İşte ne olduysa bundan sonra oldu.
Nilüfer 2-0′ ın rehavetiyle dalgalanmaya başlayınca; sıra pasör Aslıhan’ın silkinmesiyle kendilerine gelen Aydın BŞB’li smaçörlerin parmak ısırtan hücum şovlarına geldi.
4 numaradan Anthi, 2 numaradan Meryem adeta seriye bağlamış otomatik tüfek gibi karşı parkeye smaç üstüne smaç yağdırmaya başladı.
Yorulan Nilüferdi, aslına rücu eden ise Aydın.
‘Tamam bu iş bitti, kazandık’ derken sanki her birisine sihirli değnek değmişçesine çaresiz kalmaya, çözüm üretememeye başladılar.
Özellikle 0-2’den sonra yaptıkları savunma göz kamaştırıcıydı. Bloktan seken her topun dublajına girerek oyuna kazandırırken, arkadan da olmayacak hücumları derleyip,toparlayıp; Nilüfer’in sahasına karşı hücum olarak gönderiyorlardı.
Düşen bloklarla, kolayca kaybedilen sayılar ev sahibini bir anda demoralize etmeye yetmişti.
Üç yabancı Sarah, Paulo ve Wilhite’nin üretimleri hız kesince; oyuna iyice ortak olan Aydın BŞB, seriyi 1-1’e getirecek hamlenin ilk adımını atıp, durumu eşitleyiverdi (2-2).
Oynanmış 4 setin geneline bakılınca; pasör Buse’nin performansındaki gel gitlere dikkat çekmek gerekiyor.
Pas yüzdesinin düşmesi sonucu smaçörlerini iyi değerlendiremediği 3. ve 4. setlerde Wilhite, Paulo ve Maglio’nun etkisiz kalmaları, Aydın BŞB’nin ekmeğine yağ sürdü.
Başka bir ifadeyle rakibe kendi çabasının dışında bir fırsat kapısı daha aralamış oldu.

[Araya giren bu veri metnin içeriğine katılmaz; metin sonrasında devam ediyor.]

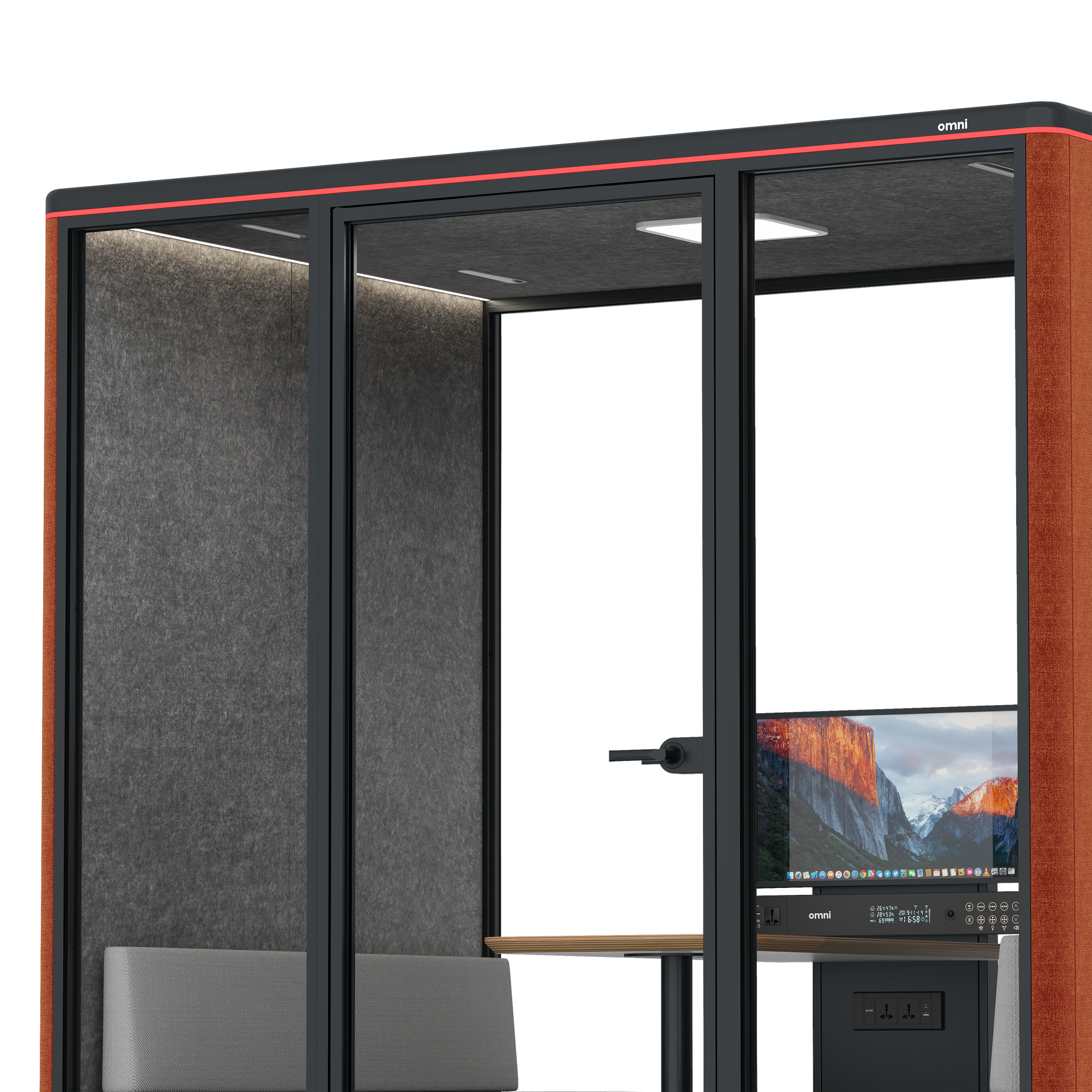 Omni FourSofa (+ Monitor Stand) / Bloody Orange / #615f5d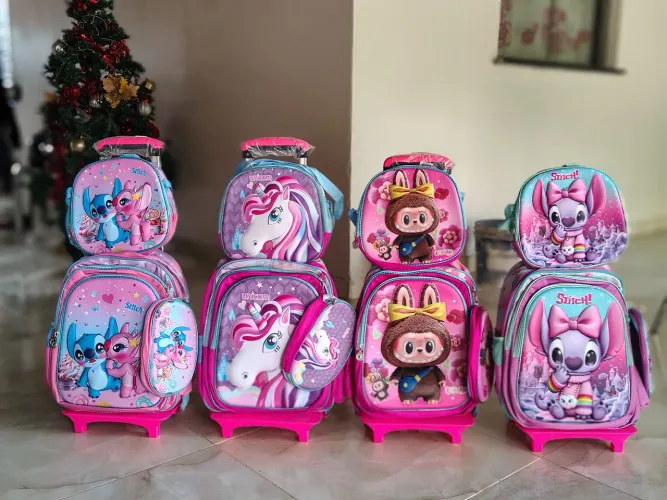 Kit Mochila infantil Personagens - Promoção 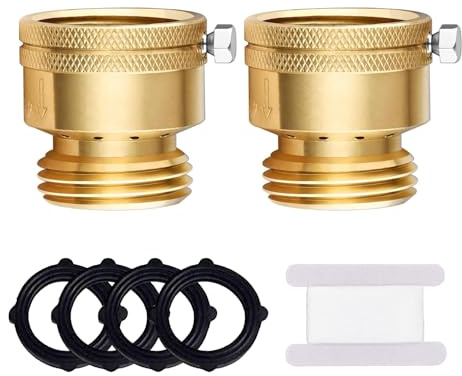 2-Pack 3/4 Inch GHT Backflow Preventer for Garden Hose, Brass Vacuum Breaker Outside Faucet, Anti-Siphon Valve Hose Bib, Garden Hose Check Valve, RV Vacuum Breaker Valve with Tape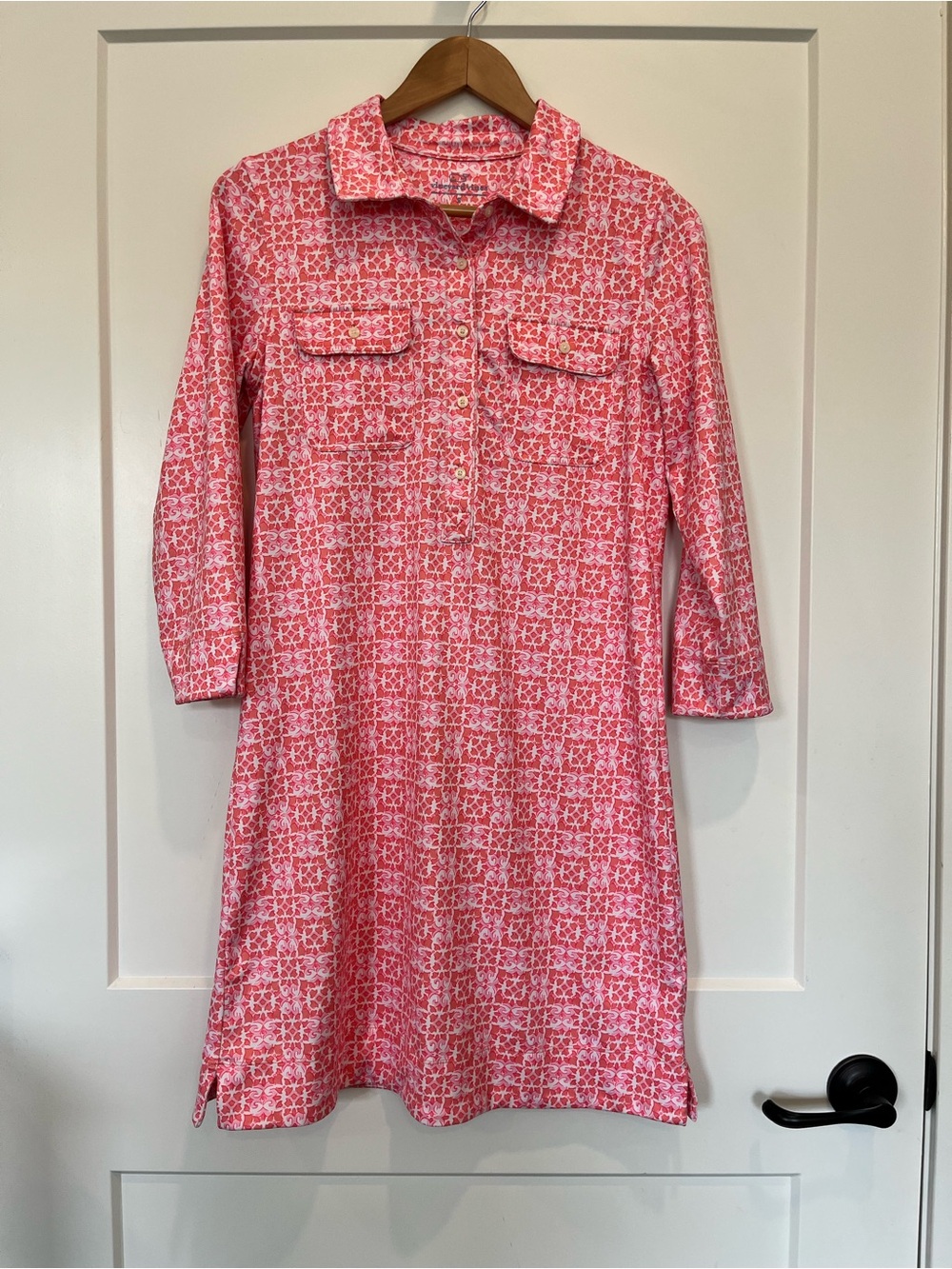 Vineyard Vines Sankaty Margo Salmon white color Shirt Dress beachy resort size S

Soluk soluğa oynanan karar setinde ise hata yapanın canının yandığını gözlemledik.
Neyse ki son sözü söyleyen Wilhite arkadaşlarını daha fazla zora sokmadan; sezonun özeti sayılacak smacıyla fişi çekip, takımının salondan 3-2 galip gelmesini sağladı.
Bu maçın geneline bakarak; menacer güzellemesi (!) yapılabilir.

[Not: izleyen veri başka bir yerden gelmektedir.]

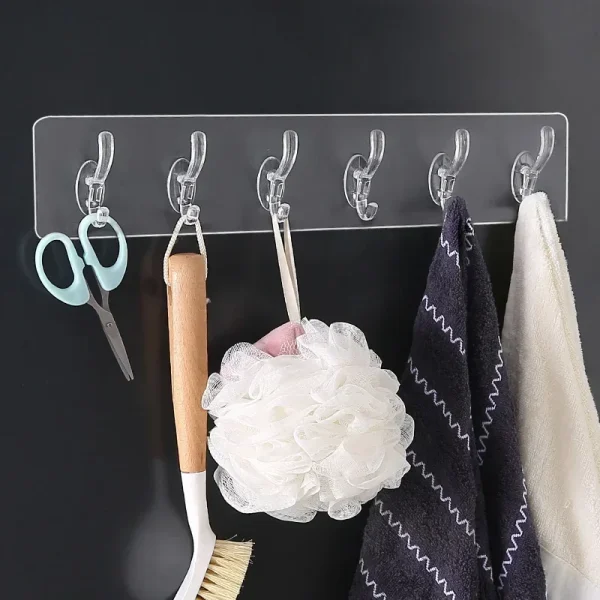 Transparent Plastic Coat Hooks Kitchen Bathroom Six Rows Hooks Punch Free Wall Hook Bathroom Towel Rack Accessories 4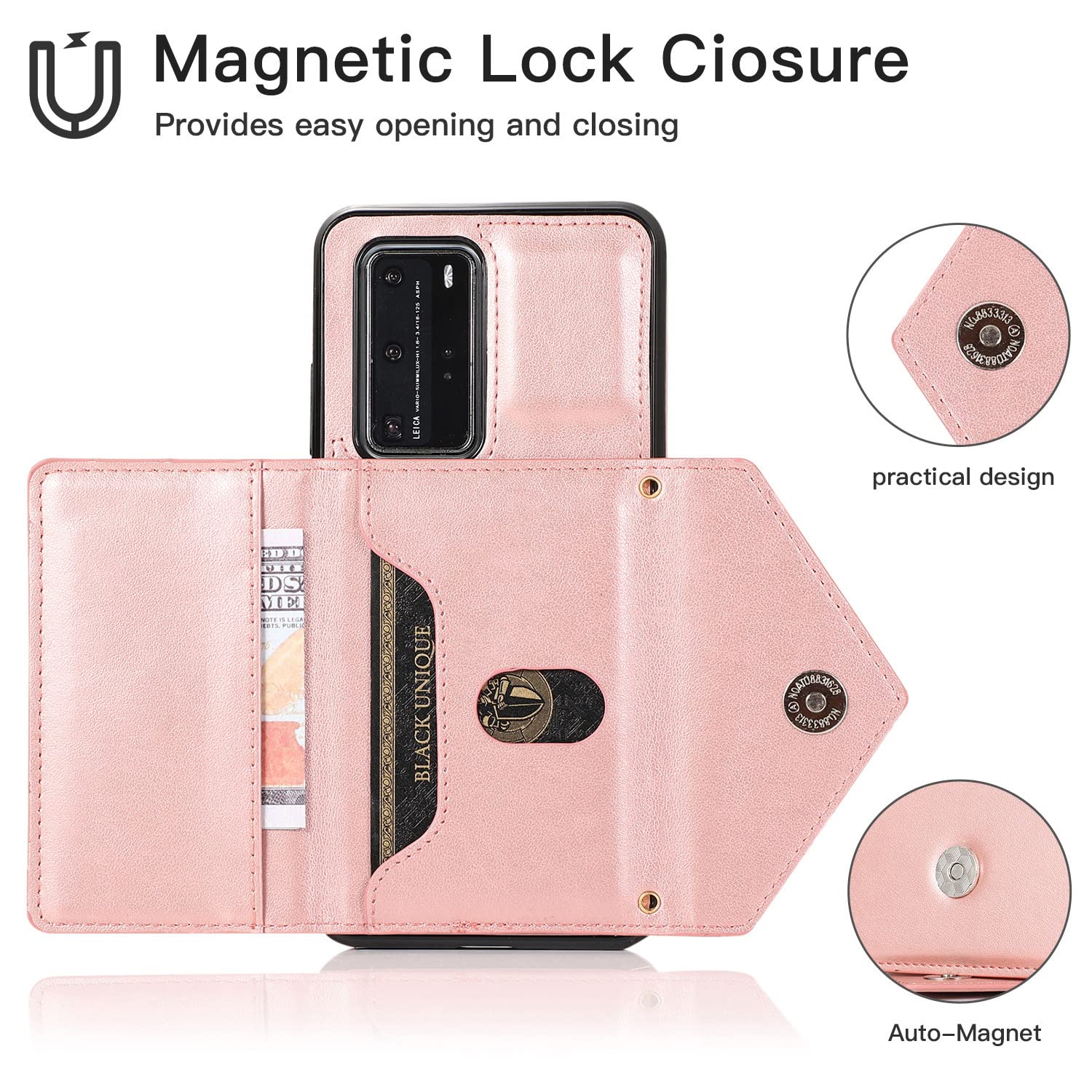 Custodia per Huawei P30 Pro, rosa – scomparto per carte di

Erken çıkartılan transfer söylentilerinin oyuncuların kafasını karıştırdığı yadsınamaz bir gerçek.
Hele bu oyuncular bir de gençse; yaptkıkları her hata kritik maçlarda yanlış yorumlara neden olabiliyor.

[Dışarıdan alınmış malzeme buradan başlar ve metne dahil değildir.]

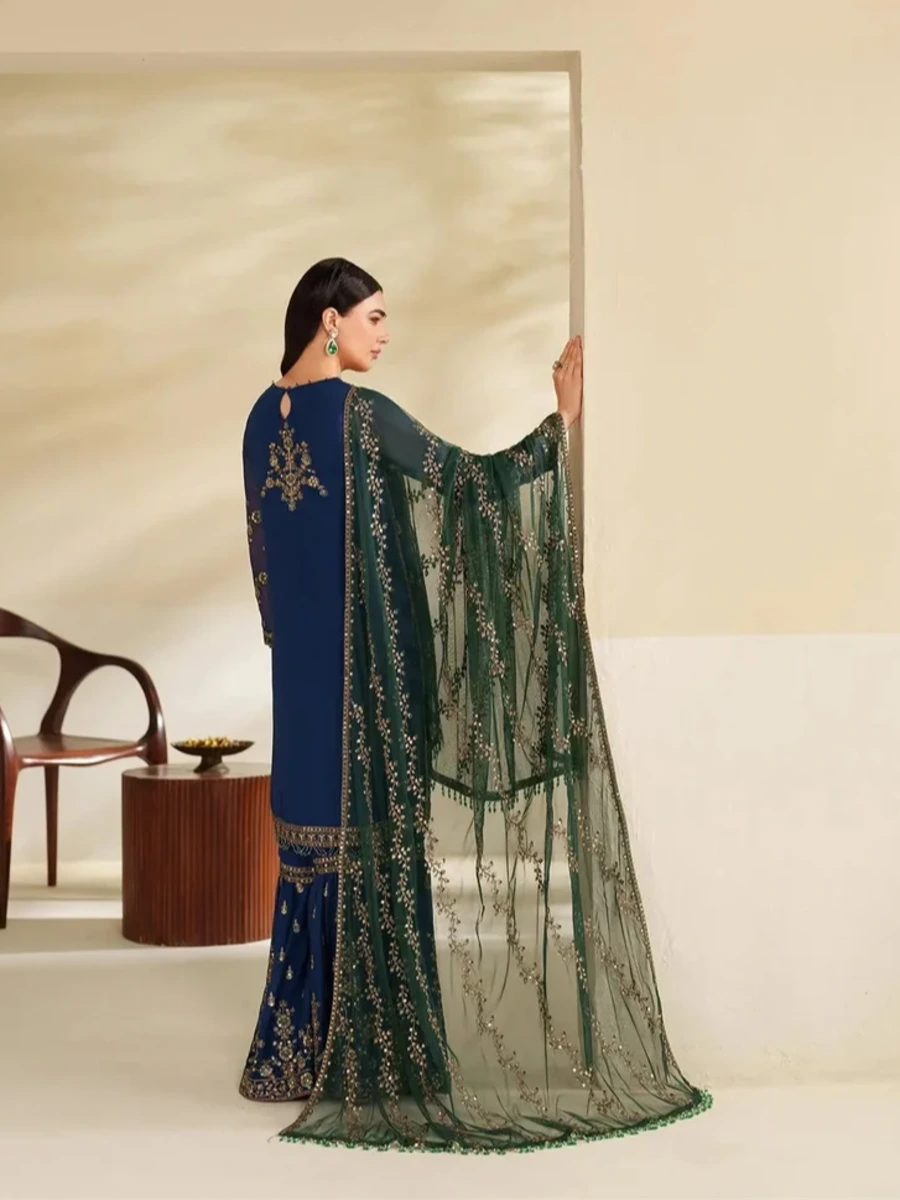 EMBROIDERED PARTY WEAR SUIT 3 PC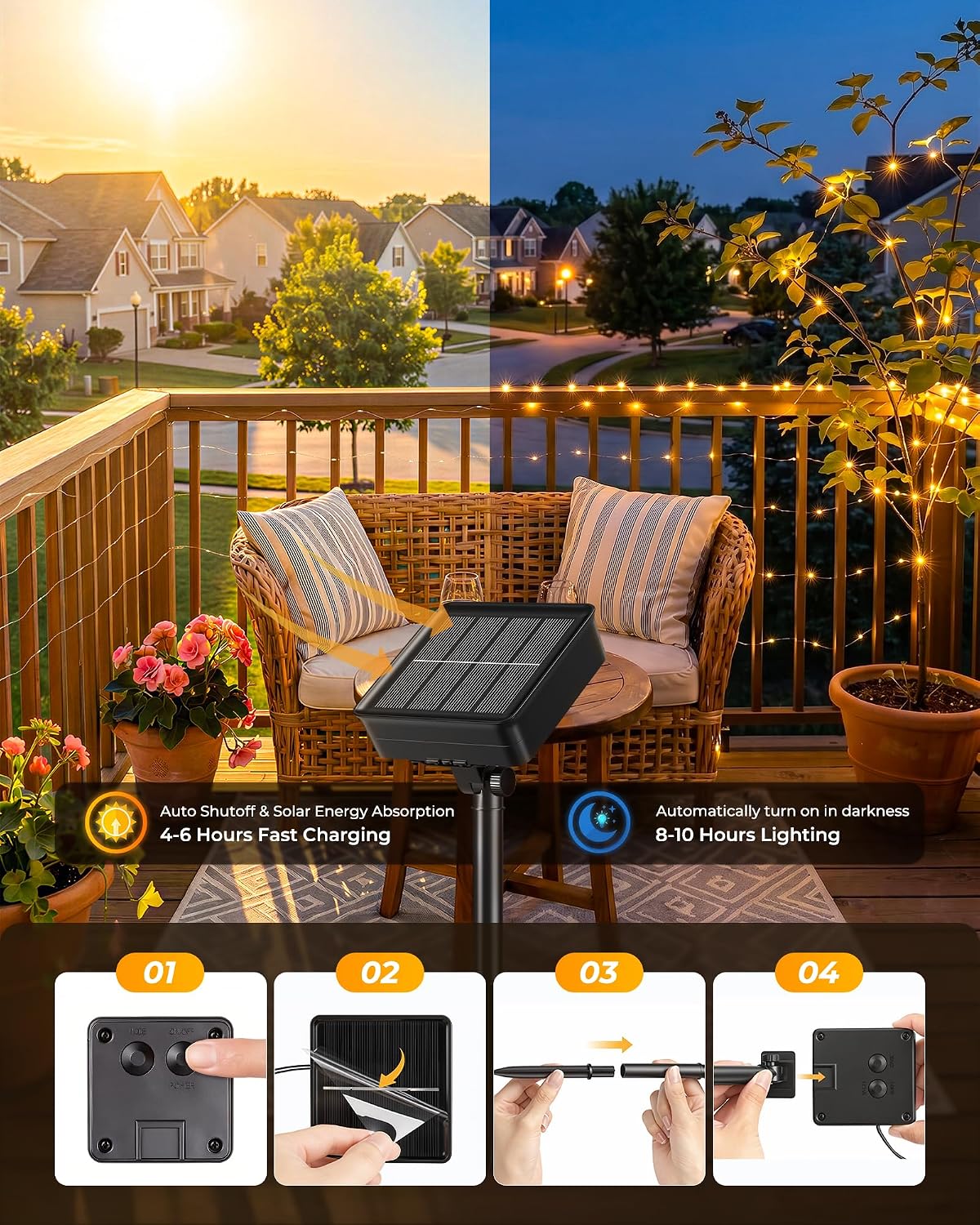 Solar Fairy Lights,33Ft 100 LE - Led Fairy String Lights บทวิจารณ์และราคา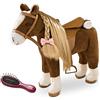 Götz 3402375 Cavallo Marrone Pettinato Beauty (Altezza Bastone 37 cm) - Cavallo di Peluche Marrone, Altezza Circa 52 cm per Bambole in Piedi - con Sella, briglie e Coperta da Picnic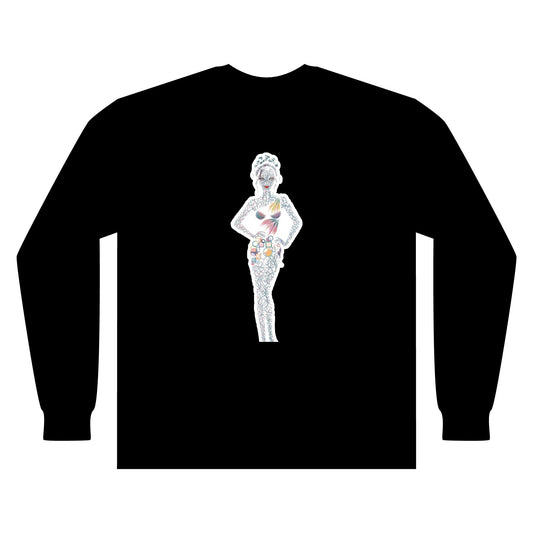 Artistic Fashion Sketch Long Sleeve Tee — Watercolor Figure Illustration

Örneğin Fenerbahçe ile anlaştığı söylenen pasör Buse Ünal’ın son maçta yaşadığı travmayı başka nasıl açıklayabiliriz?.
Cuma günü belki de Nilüfer formasıyla son maçına çıkan Sarah Wilhite’da 5 set boyunca ayni psikolojik nedenlerle bir taraftan, diğer tarafa savrulup gitti.
Oyuncusunu pazarlamak isteyen menacerler gereksiz yere çıkardıkları bu tip spekülatif dedikodularla; aslında voleybola hizmet değil, ihanet ediyorlar.
SONRA Sezon bitmeden transferden söz etmek sporun doğasına da aykırı.
Elin ağzı torba değil; büzemiyorsunuz ki!..
Son haberlere göre Buse, Wilhite kesin gidici. Yasemin Yıldırım ve Merve Nezir için de bu yönde gelişmeler söz konusu.
Gönül başarılı olmuş bu kadronun korunmasından yana olsa da; yeniden kalmaları için konuşulan rakamlar dudak uçuklatan boyutlarda.
Bir ilave haber daha…
Kulüp çevrelerinde orta oyuncu Maglio’nun takımda kalacağını, Brezilyalı Paula ile ise de yeniden anlaşılmayacağı konuşuluyor.
Lig bittiğine göre Nilüfer’den gerekli hamleler kuşkusuz gelmesine gelecektir de; son kadroki bir çok oyuncuyu yeni sezonda tekrar görememeyeceğimizi de aklımızın bir köşesinden çıkartmayalım.
Bitirirken;
Yıllar sonra Avrupa kapılarını tekrar aralayan Nilüfer Belediyespor camiasını bu anlamlı başarısı nedeniyle yürekten kutlamak istiyorum.